A look at Australia's ban on some semi-automatic guns
AUSTRALIA -- "I enjoy tinkering around with firearms." Anthony Winchcombe said he started hunting with his father when he was just five years old.
But to own a gun in Australia you need a license -- which requires background checks that take at least 28 days, sometimes months.
Semi-automatic rifles and semi-automatic and pump-action shotguns are banned, and it's illegal to carry a gun for personal protection.
"I had semi-automatic firearms prior to the laws changing, and I complied with the laws and handed them in. Do I miss them? No, not particularly," said Winchcombe.
The guns were banned amidst a huge public outcry after 35 people were massacred by a lone gunman in 1996.
"I had just been elected...and I had to do something," said John Howard, Australia's Prime Minister at the time. He fought off opposition from his own party to push the ban through.
"I don't regard this thing as a civil liberties issue. The greatest civil right you have is to stay alive," said Howard.
"Staying alive and being free from random attack is a far more precious right than owning a gun."
Under the new laws the government launched a national buy back program, confiscating more than 600,000 banned guns. Since then the number of deaths by firearm has fallen by about half, though it was already in decline before 1996.
The ban hasn't stopped gun violence entirely, which is often committed with illegal guns -- including a siege in Sydney last year by a mentally disturbed gunman who claimed to be inspired by ISIS.
But even gun shop owner Steve Ballas believes Australia's laws are saving lives. "No doubt, a lot of firearms have been taken out of undesirables hands," he said.
Ballas acknowledges that if he sold guns in the United States, he'd make a lot more money. "I suppose sometimes it's not all about the money."

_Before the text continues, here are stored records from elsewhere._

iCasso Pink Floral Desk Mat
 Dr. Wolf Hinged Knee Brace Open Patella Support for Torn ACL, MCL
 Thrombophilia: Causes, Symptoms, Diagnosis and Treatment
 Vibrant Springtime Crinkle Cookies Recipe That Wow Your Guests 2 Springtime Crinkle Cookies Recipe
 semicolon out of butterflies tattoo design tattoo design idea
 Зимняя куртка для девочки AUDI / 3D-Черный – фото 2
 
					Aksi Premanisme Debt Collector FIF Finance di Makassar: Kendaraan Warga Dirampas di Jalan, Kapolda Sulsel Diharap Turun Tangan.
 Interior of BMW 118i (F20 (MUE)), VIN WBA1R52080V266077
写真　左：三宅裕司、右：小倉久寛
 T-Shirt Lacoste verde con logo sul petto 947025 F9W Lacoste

"If there are too many guns lying around and you lose your temper, even rational people will pick up the gun and shoot somebody," Howard continued.
"It's much harder, if I can put it bluntly, to kill 10 people with a knife than to kill 10 people with a gun."
Eighty-five percent of Australians either support their country's gun laws or think they should be even tougher, according to a recent opinion poll.